Location
- Countries: Senegal

Physical characteristics
- Mouth: Senegal River
- • coordinates: 15°38′16″N 13°14′37″W﻿ / ﻿15.63778°N 13.24361°W
- Length: 55 km (34 mi)

= Dioulol =

The Dioulol is a left southwest branch of the Senegal River in the Senegalese region of Matam.

==Geography==
The Dioulol branches off from the main stream between the village of Balél and the neighboring town of Waoundé. Therefore, the name Tchangol Balél can be found variously for this watercourse, but only official evidence for the name Dioulol is found.

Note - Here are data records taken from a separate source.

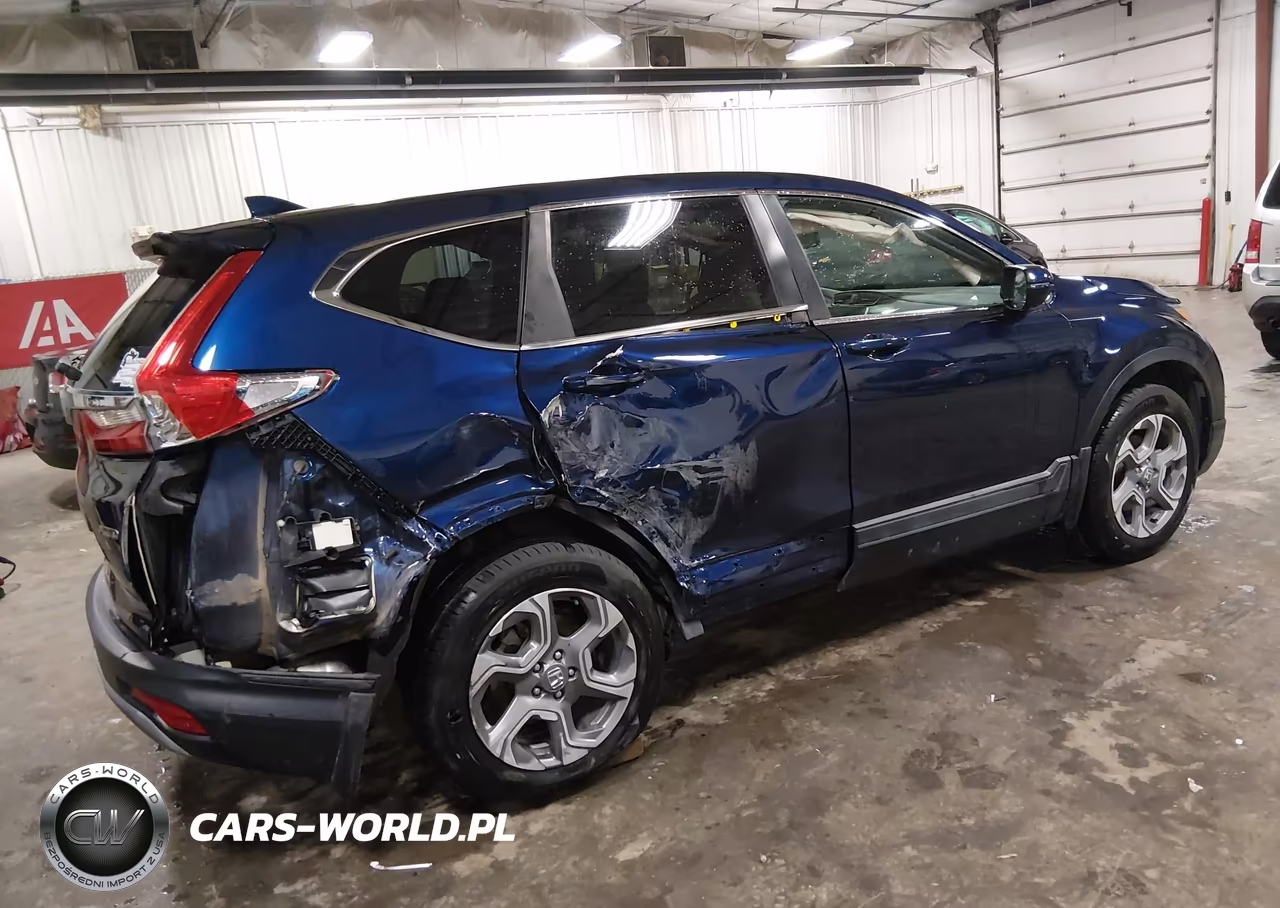 2018 Honda Cr-V Ex-L-Ex-L Navi VIN:7FARW2H8XJE056126 - 4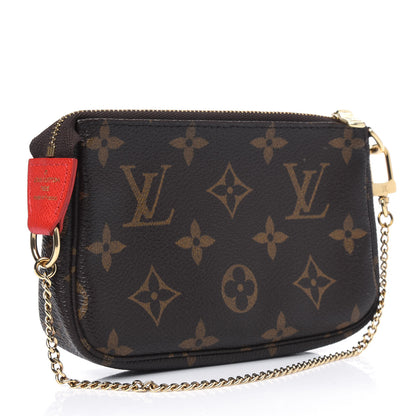 Louis Vuitton Monogram 2018 Christmas Animation Mini Cats Pochette Accessories 2 of 4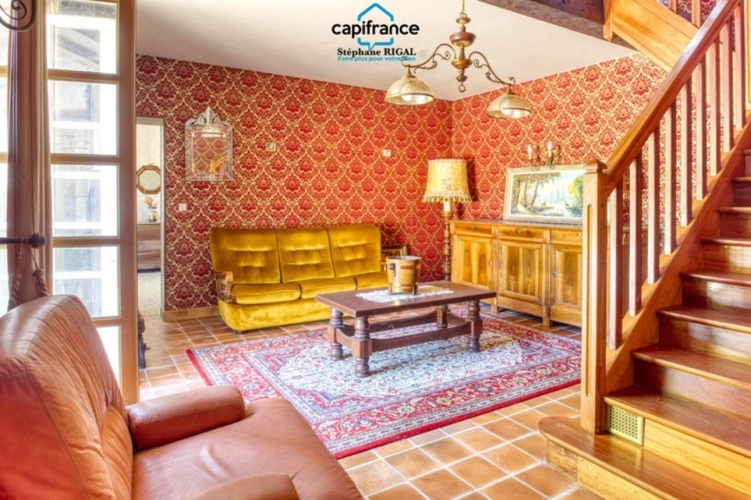 Photos 29 - Équestre - Propriete à vendre 5 pièces MAUROUX (46) Maison de 140m2 habitables, dépendance de 90m2 sur 6ha de terrain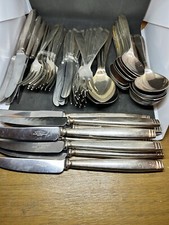 55 Pieces Of Elkington Plate, ‘Rochester’ Silver Plate Cutlery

55.5 kilometers further north-west, shortly before the regional and departmental prefecture of Matam, the main and secondary streams reunite.

The Dioulol river bed, initially around 20 meters wide, meanders through a five to 15 kilometer wide alluvial plain and, depending on the season, feeds a more or less large network of confusing branches, impassable wetlands and stagnant water. The water flow of the Dioulol, which only flows during and after the rainy season, is often lost halfway before it can reach the town of Kanel. The name is lost too. However, there is a continuous system of water beds, which also have significant waterflow down from Kanel, and even expand in between to a lake, the Vèndou Kanel, and then return all the water to the main stream shortly above Matam.

The flow rate from the main stream into the Dioulol is regulated by a 60-meter-wide weir shortly after the branch. There is also a road bridge spanning 110 meters for the regional road R 42, which, starting from the national road N2 near Semmé, follows the bank of the main river via the town of Waoundé to Matam.

The town of Hamady Ounaré is located on the mainland bank of the Dioulol.